Tissue Eng Part C Methods
There are a large number of people who are missing teeth due to aging, trauma, or genetic factors. Regeneration of these tissues would be of great benefit to these patients. However, the ability to regenerate all of the tissues that make up a tooth is complex, due to the fact that there is a need for nerves, blood vessels, and two different cell types to make enamel and dentin, respectively. We have decided to focus on the regeneration of ameloblasts, the cells that make enamel. Humans lose these cells early on in development, but an attractive model to study these cells is the mouse incisor. These sharp, front teeth in mice are remarkable in that they grow continuously throughout the life of the animals, which is accomplished thanks to a pocket of adult stem cells that produce all the cells responsible for enamel formation. The goals of this paper were to develop tools to grow the mouse stem cells outside of the animal in order to better understand them. We were able to successfully culture these cells outside of the body for an extended amount of time. We also found several proteins involved in cell-cell adhesion as well as adhesion to the local microenvironment that could be used as potential markers to identify these cells more readily and that could give us information as to the specific environment suitable for maintenance of these cells. However, growing cells in a dish forces cells to experience a 2D environment, whereas cells in the body experience a 3D environment. To more closely mimic what the cells experience in the body, we successfully grew these cells in a 3D environment and found that the proteins expressed in the body were also expressed in the 3D culture system. Subsequently, we proposed to translate what we have learned from the mouse model into human cells by learning how to induce human embryonic stem cells, fetal cells, or adult cells to become tooth progenitor cells.

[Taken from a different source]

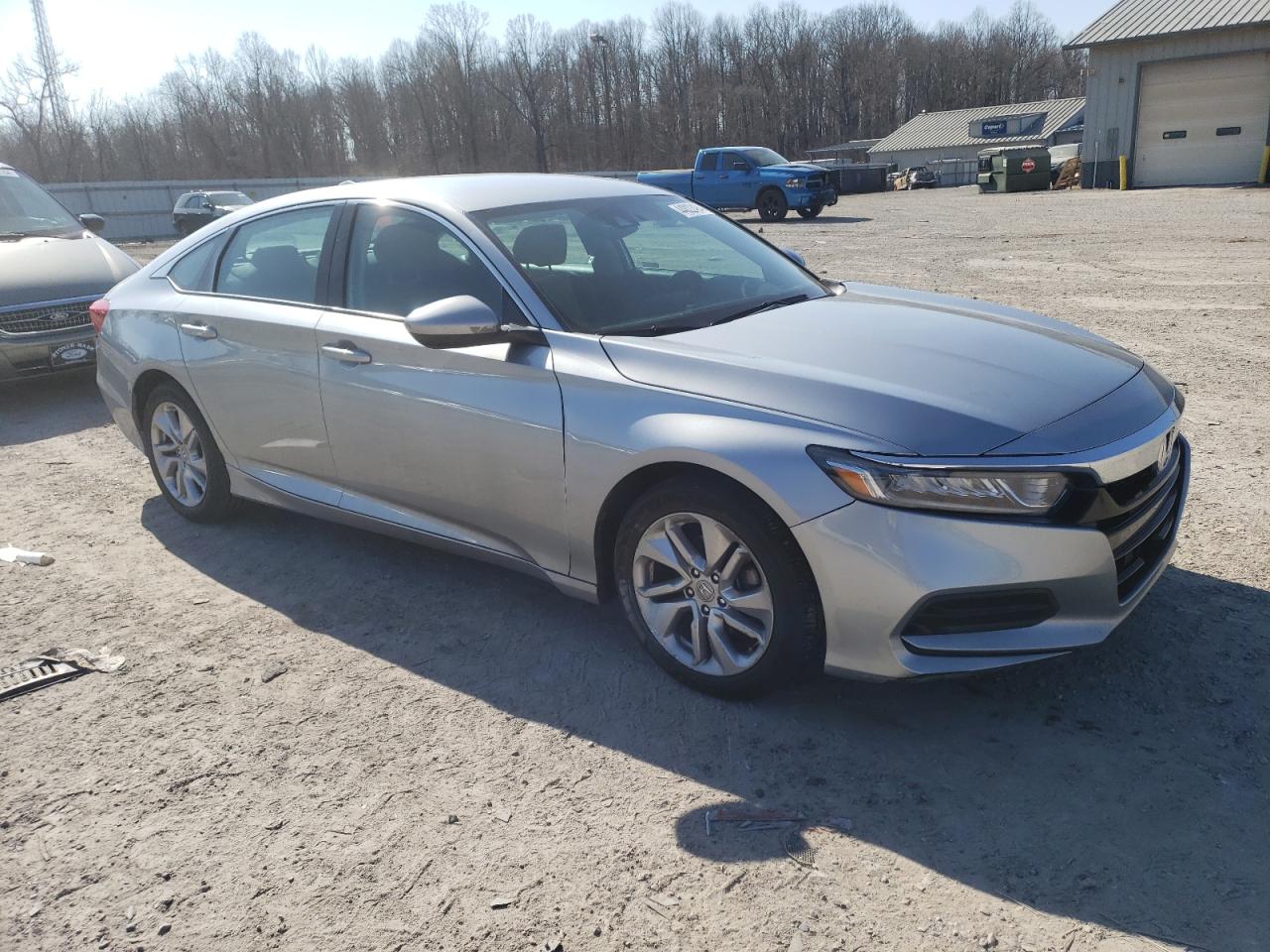 Photo 3 VIN: 1HGCV1F17JA227848 - HONDA ACCORD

Dental epithelial stem cells drive continuous growth in the adult mouse incisor. To date, no robust system for the primary culture of these cells has been reported, and little is known about the basic molecular architecture of these cells or the minimal extracellular scaffolding necessary to maintain the epithelial stem cell population in an undifferentiated state. We report a method to isolate dental epithelial stem cells from the cervical loop of the mouse mandibular incisor. Cells were viable in a two dimensional (2D) culture system and did not demonstrate preferential proliferation atop various substrates. Characterization of these cells indicated that E-cadherin, integrin alpha-6, and integrin beta-4 mark the dental epithelial stem cells both in vivo and in vitro. We also grew these cells in a three dimensional (3D) microenvironment and obtained spheres with epithelial morphology and expression patterns. Insights into the mechanisms of stem cell maintenance in vitro will help to lay the groundwork for the successful generation of bioengineered teeth from adult dental epithelial stem cells.